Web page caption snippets
>>

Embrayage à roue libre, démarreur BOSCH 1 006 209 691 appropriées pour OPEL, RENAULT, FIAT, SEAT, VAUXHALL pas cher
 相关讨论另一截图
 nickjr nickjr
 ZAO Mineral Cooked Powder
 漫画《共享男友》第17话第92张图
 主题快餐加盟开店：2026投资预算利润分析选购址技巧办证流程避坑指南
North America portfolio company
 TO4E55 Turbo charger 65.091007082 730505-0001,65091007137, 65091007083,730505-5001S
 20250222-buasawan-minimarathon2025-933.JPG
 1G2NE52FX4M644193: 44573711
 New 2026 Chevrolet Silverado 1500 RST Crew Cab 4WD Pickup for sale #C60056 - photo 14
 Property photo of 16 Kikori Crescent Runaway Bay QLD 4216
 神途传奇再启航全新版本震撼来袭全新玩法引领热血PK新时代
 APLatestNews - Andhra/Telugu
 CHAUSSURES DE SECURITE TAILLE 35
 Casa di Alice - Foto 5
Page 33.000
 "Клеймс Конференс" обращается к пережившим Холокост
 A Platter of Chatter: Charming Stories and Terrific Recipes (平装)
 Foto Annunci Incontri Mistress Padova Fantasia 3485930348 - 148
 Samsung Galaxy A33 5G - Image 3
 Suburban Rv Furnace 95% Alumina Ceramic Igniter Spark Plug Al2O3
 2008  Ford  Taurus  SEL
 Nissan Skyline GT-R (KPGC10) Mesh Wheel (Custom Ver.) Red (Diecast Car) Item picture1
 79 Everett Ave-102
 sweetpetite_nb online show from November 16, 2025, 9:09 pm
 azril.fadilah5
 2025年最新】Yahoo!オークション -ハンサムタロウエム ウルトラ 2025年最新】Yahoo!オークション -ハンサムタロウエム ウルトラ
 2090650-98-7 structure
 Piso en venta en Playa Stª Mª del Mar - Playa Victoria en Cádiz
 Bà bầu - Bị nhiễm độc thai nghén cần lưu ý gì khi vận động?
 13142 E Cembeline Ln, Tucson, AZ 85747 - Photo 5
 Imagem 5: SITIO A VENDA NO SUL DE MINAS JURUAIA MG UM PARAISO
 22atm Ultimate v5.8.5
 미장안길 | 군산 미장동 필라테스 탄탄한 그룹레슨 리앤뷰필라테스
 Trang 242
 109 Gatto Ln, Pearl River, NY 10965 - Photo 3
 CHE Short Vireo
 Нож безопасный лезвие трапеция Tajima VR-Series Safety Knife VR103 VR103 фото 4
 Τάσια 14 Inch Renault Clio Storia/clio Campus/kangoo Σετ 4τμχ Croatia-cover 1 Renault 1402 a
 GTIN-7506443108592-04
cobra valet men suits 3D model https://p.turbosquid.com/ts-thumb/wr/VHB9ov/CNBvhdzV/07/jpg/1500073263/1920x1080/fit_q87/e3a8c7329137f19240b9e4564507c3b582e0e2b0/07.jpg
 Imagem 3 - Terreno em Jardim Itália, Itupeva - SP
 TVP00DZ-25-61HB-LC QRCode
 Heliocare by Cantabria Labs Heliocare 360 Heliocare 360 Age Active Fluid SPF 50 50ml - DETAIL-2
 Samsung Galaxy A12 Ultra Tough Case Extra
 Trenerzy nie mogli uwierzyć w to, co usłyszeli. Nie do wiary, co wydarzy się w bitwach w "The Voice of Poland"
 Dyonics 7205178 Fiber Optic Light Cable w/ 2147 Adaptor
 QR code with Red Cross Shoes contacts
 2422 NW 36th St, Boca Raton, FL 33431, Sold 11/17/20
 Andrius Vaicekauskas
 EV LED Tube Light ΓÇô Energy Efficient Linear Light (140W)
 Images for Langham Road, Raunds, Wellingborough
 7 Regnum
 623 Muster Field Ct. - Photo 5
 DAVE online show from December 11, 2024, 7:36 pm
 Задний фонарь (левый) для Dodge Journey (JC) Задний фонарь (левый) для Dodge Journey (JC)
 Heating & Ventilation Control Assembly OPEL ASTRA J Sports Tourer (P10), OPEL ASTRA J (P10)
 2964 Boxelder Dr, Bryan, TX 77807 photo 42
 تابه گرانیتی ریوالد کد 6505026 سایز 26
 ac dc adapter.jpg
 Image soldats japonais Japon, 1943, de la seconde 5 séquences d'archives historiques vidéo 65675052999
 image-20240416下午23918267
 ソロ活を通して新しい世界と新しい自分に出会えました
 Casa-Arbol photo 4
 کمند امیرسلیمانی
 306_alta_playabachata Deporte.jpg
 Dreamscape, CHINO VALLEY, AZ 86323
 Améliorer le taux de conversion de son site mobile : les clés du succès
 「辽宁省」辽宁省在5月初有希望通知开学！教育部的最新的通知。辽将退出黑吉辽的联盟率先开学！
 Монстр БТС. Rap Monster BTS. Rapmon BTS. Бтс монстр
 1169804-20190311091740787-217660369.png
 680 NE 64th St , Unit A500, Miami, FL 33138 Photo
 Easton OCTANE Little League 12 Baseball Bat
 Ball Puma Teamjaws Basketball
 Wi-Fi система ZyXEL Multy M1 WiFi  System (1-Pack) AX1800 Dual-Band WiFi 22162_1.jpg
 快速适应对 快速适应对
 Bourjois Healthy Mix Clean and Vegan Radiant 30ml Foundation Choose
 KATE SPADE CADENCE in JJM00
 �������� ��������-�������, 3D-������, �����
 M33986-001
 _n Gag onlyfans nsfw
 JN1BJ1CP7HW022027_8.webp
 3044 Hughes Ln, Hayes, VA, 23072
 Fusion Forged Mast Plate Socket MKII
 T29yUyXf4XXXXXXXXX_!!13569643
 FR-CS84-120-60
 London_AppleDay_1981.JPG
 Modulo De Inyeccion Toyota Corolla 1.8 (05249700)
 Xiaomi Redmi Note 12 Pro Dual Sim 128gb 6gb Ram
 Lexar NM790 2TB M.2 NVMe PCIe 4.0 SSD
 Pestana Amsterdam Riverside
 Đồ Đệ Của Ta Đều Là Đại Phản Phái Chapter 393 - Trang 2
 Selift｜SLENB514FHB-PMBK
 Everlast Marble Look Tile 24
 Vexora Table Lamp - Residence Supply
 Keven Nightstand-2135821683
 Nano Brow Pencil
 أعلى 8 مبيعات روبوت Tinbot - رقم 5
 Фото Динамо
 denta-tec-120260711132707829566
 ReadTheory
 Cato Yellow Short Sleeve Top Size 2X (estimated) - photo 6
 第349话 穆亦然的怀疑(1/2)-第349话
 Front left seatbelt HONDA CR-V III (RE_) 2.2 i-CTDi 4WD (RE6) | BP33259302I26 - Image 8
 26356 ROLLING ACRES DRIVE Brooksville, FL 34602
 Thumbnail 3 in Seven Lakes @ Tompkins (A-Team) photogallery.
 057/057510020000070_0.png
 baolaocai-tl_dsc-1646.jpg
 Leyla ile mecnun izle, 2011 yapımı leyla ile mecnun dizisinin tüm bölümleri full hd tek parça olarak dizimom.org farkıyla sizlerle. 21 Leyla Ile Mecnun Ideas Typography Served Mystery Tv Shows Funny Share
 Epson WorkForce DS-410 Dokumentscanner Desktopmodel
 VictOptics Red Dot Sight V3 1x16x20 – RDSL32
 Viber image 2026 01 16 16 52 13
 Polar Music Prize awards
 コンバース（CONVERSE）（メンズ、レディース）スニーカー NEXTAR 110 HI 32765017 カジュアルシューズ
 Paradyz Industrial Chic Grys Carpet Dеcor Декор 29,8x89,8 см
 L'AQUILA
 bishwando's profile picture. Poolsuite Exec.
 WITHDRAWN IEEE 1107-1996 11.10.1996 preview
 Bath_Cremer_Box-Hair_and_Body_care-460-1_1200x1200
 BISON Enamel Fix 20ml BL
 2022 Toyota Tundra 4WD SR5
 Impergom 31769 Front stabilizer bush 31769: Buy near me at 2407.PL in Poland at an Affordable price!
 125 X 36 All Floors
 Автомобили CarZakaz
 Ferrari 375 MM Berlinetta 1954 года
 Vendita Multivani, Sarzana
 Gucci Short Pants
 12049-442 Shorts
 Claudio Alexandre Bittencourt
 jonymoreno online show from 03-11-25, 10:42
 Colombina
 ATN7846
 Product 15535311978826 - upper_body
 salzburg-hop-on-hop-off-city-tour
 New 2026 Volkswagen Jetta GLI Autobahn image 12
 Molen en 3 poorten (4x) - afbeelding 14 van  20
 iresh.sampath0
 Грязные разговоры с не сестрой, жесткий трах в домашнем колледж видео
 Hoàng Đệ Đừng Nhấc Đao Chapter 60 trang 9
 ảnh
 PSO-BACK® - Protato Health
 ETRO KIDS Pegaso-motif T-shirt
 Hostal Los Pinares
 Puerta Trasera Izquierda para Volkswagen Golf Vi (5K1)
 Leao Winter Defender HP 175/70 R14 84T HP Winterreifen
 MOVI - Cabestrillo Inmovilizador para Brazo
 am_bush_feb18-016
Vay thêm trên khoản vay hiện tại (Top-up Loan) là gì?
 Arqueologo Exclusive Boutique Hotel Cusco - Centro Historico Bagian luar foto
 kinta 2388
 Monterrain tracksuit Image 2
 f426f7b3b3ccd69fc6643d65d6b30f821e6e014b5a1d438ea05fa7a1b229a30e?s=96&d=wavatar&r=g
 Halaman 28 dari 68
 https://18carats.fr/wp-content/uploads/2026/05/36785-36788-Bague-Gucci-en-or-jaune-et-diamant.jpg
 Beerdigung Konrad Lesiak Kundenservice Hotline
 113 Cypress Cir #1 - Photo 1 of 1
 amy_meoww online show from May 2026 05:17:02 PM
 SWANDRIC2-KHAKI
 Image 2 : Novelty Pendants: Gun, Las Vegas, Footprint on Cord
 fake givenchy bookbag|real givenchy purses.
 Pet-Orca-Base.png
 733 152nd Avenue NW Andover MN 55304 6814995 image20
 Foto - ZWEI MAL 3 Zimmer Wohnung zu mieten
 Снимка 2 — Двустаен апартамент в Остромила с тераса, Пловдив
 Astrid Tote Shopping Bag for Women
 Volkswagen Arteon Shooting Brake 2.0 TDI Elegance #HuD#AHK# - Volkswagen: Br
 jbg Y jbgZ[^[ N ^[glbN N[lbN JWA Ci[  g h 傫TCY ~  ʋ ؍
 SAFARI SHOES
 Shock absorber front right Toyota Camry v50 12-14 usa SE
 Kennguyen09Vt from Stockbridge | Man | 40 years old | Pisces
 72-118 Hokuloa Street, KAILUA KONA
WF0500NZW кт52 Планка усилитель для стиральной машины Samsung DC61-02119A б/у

<<

### Work item
Reply with the number of lines above in which the word "Toyota" appears, and with nothing else.

### Response
3